[Dataset items]
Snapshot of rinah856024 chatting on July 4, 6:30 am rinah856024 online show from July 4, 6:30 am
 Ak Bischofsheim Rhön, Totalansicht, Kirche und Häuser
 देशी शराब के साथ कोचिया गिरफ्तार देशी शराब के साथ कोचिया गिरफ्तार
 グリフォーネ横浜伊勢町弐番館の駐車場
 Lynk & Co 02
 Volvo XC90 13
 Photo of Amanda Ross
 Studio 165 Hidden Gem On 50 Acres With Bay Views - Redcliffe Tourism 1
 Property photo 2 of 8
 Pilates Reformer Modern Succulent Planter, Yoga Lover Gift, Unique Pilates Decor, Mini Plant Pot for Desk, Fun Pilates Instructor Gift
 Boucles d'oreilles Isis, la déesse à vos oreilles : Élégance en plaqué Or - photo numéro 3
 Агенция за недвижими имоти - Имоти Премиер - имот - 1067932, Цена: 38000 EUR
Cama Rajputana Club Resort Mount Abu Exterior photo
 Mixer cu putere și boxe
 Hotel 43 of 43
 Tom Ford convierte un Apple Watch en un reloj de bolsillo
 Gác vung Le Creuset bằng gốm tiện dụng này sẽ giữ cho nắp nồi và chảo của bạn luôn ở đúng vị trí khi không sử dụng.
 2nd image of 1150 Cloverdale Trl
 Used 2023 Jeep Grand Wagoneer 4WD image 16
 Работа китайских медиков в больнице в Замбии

● TASK TO CARRY OUT: Give back each record above exactly as written.

● OUTPUT OF THE TASK:
Snapshot of rinah856024 chatting on July 4, 6:30 am rinah856024 online show from July 4, 6:30 am
 Ak Bischofsheim Rhön, Totalansicht, Kirche und Häuser
 देशी शराब के साथ कोचिया गिरफ्तार देशी शराब के साथ कोचिया गिरफ्तार
 グリフォーネ横浜伊勢町弐番館の駐車場
 Lynk & Co 02
 Volvo XC90 13
 Photo of Amanda Ross
 Studio 165 Hidden Gem On 50 Acres With Bay Views - Redcliffe Tourism 1
 Property photo 2 of 8
 Pilates Reformer Modern Succulent Planter, Yoga Lover Gift, Unique Pilates Decor, Mini Plant Pot for Desk, Fun Pilates Instructor Gift
 Boucles d'oreilles Isis, la déesse à vos oreilles : Élégance en plaqué Or - photo numéro 3
 Агенция за недвижими имоти - Имоти Премиер - имот - 1067932, Цена: 38000 EUR
Cama Rajputana Club Resort Mount Abu Exterior photo
 Mixer cu putere și boxe
 Hotel 43 of 43
 Tom Ford convierte un Apple Watch en un reloj de bolsillo
 Gác vung Le Creuset bằng gốm tiện dụng này sẽ giữ cho nắp nồi và chảo của bạn luôn ở đúng vị trí khi không sử dụng.
 2nd image of 1150 Cloverdale Trl
 Used 2023 Jeep Grand Wagoneer 4WD image 16
 Работа китайских медиков в больнице в Замбии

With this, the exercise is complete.